Dataflow CI/CD with Github actions

Published in

Israeli Tech Radar

7 min readJan 4, 2022

Data pipelines are a very common tool for data processing. After writing my code for Dataflow and testing it, I turned to the task of the continuous integration and deployment (aka CI/CD) of the pipeline jobs. This post will detail how I had done it with Github actions.

Dataflow

First, let’s remind ourselves what Dataflow is:

Dataflow is a managed service in the Google cloud platform (aka GCP) for “Unified stream and batch data processing that’s serverless, fast, and cost-effective.”

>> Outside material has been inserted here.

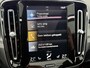 Volvo XC40 1.5 T5 Plug-in hybrid Ultimate Dark | Facelift | 360 camera | elektrisch panorama dak | adaptieve cruise control | Blis | elektrisch verstelbare voor stoelen | Harman Kardon Audio | trekhaak | verwarmde voorstoelen + Stuurwiel | Volvo on Call |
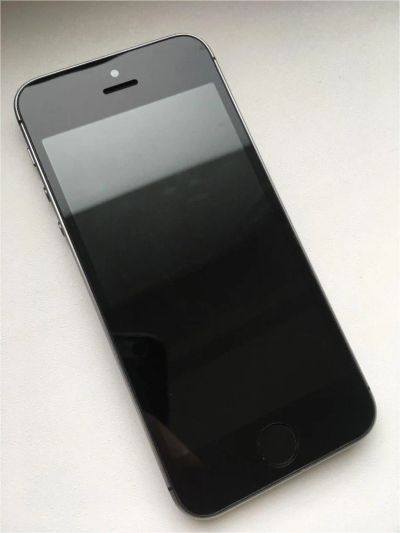 Лот: 11288266. Фото: 1. Продам iPhone 5s 16GB black. Смартфоны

Dataflow is based on Apache Beam, a unified model for defining both batch- and streaming-data parallel-processing pipelines, meaning I practically wrote a Beam job and ran it with a Dataflow runner to deploy the job to GCP.

My technical stack is:

Apache Beam Java SDK
Kotlin — cross-platform, statically typed, general-purpose programming language with type inference. Kotlin is designed to interoperate fully with Java
Gradle — build automation tool for multi-language software development
Github actions — allows building, testing, and deploying your code right from GitHub
gcloud — the primary CLI tool to create and manage Google Cloud resources

Running Dataflow jobs

In order for a Beam job to be sent to the Dataflow platform, running the application (i.e. the Main class) is required with the Dataflow runner and some GCP arguments. Meaning sending the job looks something like:

java -cp my-jar.jar com.tikal.Mainkt \
--runner=DataflowRunner \
--serviceAccount=**** \
--subnetwork=*** \
--region=****

The reason I specified the main class is because we have multiple jobs in one jar file.

CI

The goals of CI were-

Run unit tests
Build a self contained jar file
Upload the jar to the company’s jars library
Make the file accessible to the CD stages, which will follow

Run unit tests

To run unit tests, we used Gradle’s ‘build’ task which already includes running unit tests:

./gradlew build

By adding this command to a workflow step, unit tests are included in the CI.

Self contained jar

A self contained jar, means a jar which contains all its dependencies and is ready to run with the command:

java -jar my-jar.jar

The reason for that is that the job runs on a Serverless platform and thus as a developer I have very little control on the classpath in which it runs. In addition this would make running the jar in the CD stage much easier for the same reason.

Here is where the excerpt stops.